Todos coinciden también en que esas cooperativas de agricultores, de pescadores y de recolectores son la base de lo que hacen y que sin ellos no podrían tener alimentos. Por eso para Jaime es una lástima que la COP no haya involucrado más los temas de alimentación como parte de la propuesta de biodiversidad, en particular invitando a las comunidades productoras, que son las guardianas de conocimientos ancestrales. “Trabajamos con comunidades de la Sierra Nevada, de la Guajira, de Montes de María… y no solo en temas de recolección, sino que cocinamos juntos, conocemos nuevos ingredientes y experimentamos con ellos”, concluye.
Preparación
Es martes en la mañana y Jennifer Rodríguez llega a las cocinas caminando con una enorme tranquilidad. Revisa las cucharas sobre las que estará su plato, un snack de balú con queso de oveja, pipilongo y sal de hormigas culonas, y luego se sienta a desayunar un café con leche para prepararse para el día. “Quería hacer muchos platos distintos ―confiesa― pero este será el que me represente a mí y a mi historia”.

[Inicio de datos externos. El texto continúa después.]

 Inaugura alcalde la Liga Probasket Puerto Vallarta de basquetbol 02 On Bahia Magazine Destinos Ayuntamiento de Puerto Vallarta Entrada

Y su historia es bien particular. Para empezar, antes de Mestizo, su restaurante, Jennifer nunca había trabajado en una cocina, ni había sido su vocación. Comenzó a estudiar ingeniería en Bogotá, pero enseguida se dio cuenta de que lo suyo no eran las ciudades grandes. Hubo un rompimiento con su armonía, con su sentir, como lo llama ella, y volvió a casa. Su relación con la Naturaleza era, como cualquier persona de un pueblo pequeño, mucho más cercana que la que puede tener un citadino. Se despertaba con los cantos de los pájaros y para ella era normal ir al mercado campesino de Mesitas del Colegio a escoger lo que comería esa semana. “Nunca se me ocurrió preparar cordero de Nueva Zelanda ―dice, sonriente― porque esas cosas no llegaban al pueblo”. Decidió entonces hacer un restaurante, que ahora funciona como una empresa familiar y que ha tenido un éxito insospechado. Para ella, el trabajo con las comunidades siempre ha sido orgánico porque es a ellos a quienes les ha comprado los productos, así como lo hacían su madre y sus abuelas. La cocina también ha funcionado de una manera natural, como una cocina de casa, inspirada en lo que ella vio en su familia y en la relación de las mujeres y los hombres con el campo y la comida.
Para ella, los ingredientes de su región, del altiplano, son la base de todo lo que hace. Le digo que estos alimentos no son fáciles de conseguir en las grandes ciudades, que la estandarización de la comida hace que todo se vea igual y que ya no se venden frutas o verduras que antes eran comunes. “Pero eso tiene doble filo ―contesta Jennifer―. Cualquier alimento que tenga una producción masiva se prostituye, de alguna manera. Recuerdo el aguacate, cuando no era tan común. Si un vecino tenía un árbol de aguacates, en el momento de la cosecha, comerlo era un regalo. Ahora no es así, se come todo el año, y muchas veces el que llega a los supermercados está verde, mal cosechado, sin sabor”.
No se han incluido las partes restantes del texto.